Le classi dirigenti repubblicane della Calabria hanno preferito occuparsi di altro, eppure hanno avuto le stesse corpose remunerazioni e gli identici privilegi dei colleghi che hanno condotto il Veneto, il Trentino Alto Adige, la Lombardia e la Toscana a misurare i turisti stranieri in milioni. Spero che anche i più disattenti politici o burocrati vogliano comprendere come sia più facile far giungere un docente americano e la sua famiglia in visita a Crotone o a Reggio parlando dei favolosi Musei della Magna Grecia che non mostrandogli le immagini di un Capodanno da ripensare. O spingere imprenditori del Canada, della Scandinavia, della Cina, del Giappone, del Sudafrica ad arrivare a Serra San Bruno per meditare sulla civiltà del “silenzio” che i Certosini ci hanno insegnato, piuttosto che immaginare di trastullarli con rumorosi divertimenti di massa che possono essere acquistati, peraltro a prezzi molto più convenienti, in ogni località del mondo anche priva di storia. La Calabria dovrebbe “vendere” armonia pitagorica e non chiasso metropolitano!
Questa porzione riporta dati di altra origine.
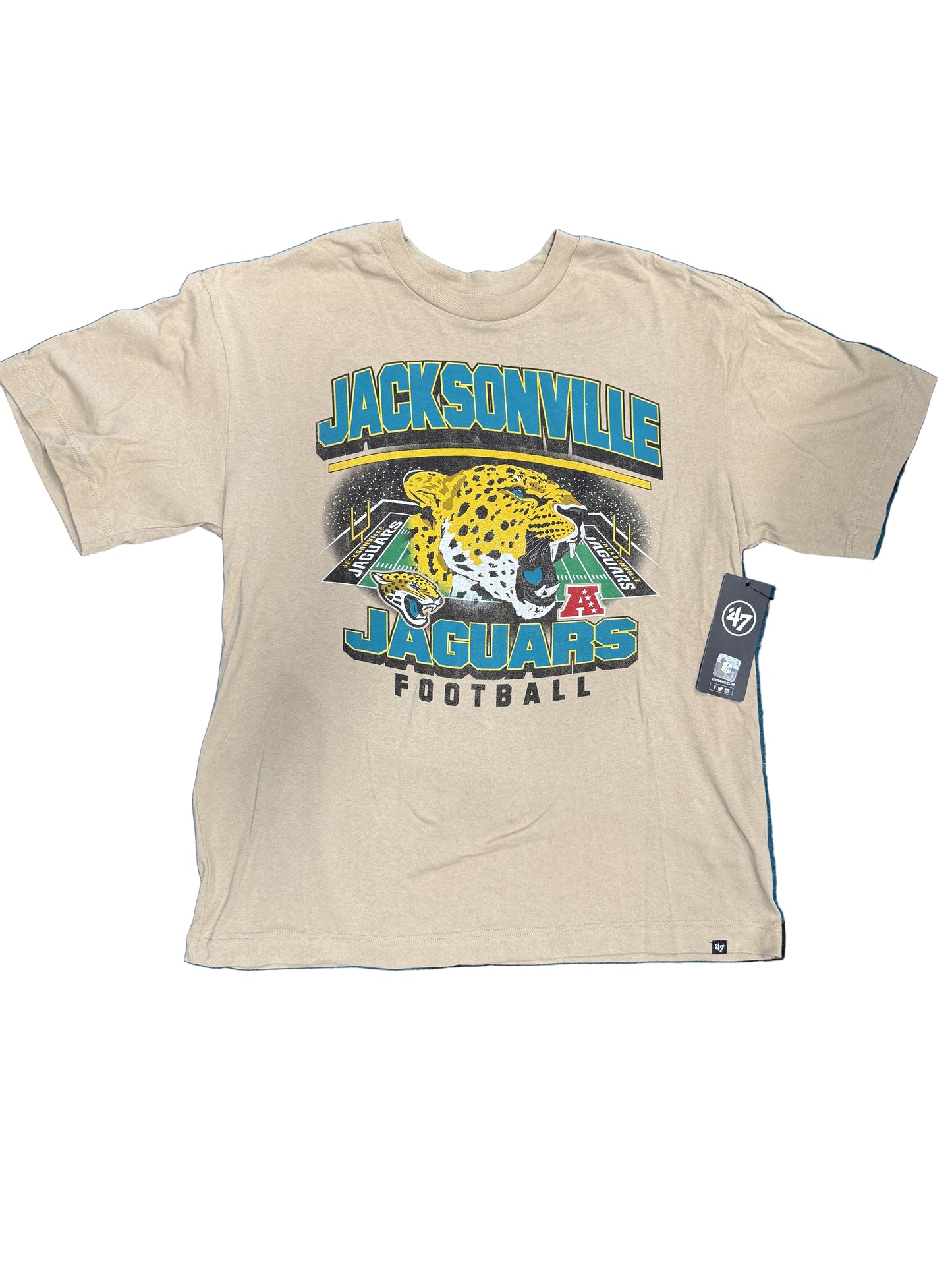 JACKSONVILLE JAGUARS KHAKI REGIONAL FOUNDATION TEE MEN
Prima di chiudere rileggiamoli i numeri che fanno così tanto male a quanti vorrebbero che i giornalisti pubblicassero soltanto comunicati stampa con titoli inneggianti a successi che nessuno è in grado di misurare. Fonte Istat, arrivi di turisti non residenti nelle diverse regioni italiane nel 2021: Veneto (5,83 milioni), Trentino Alto Adige (4,16 milioni), Lombardia (3,70 milioni), Toscana (2,84 milioni). Milioni! Calabria (112mila), Molise (7mila). C’è da dire altro per indurre a varare immediati cambiamenti di rotta? Se poi si raccogliesse ovunque la spazzatura, evitando di assistere a scene raccapriccianti anche in primari centri urbani, e si facessero funzionare tutti i depuratori e i sistemi fognari per godere di un mare sempre limpido, allora avremmo fatto tombola. Purtroppo la Calabria non può rivendicare, per ora, neanche un modesto ambo!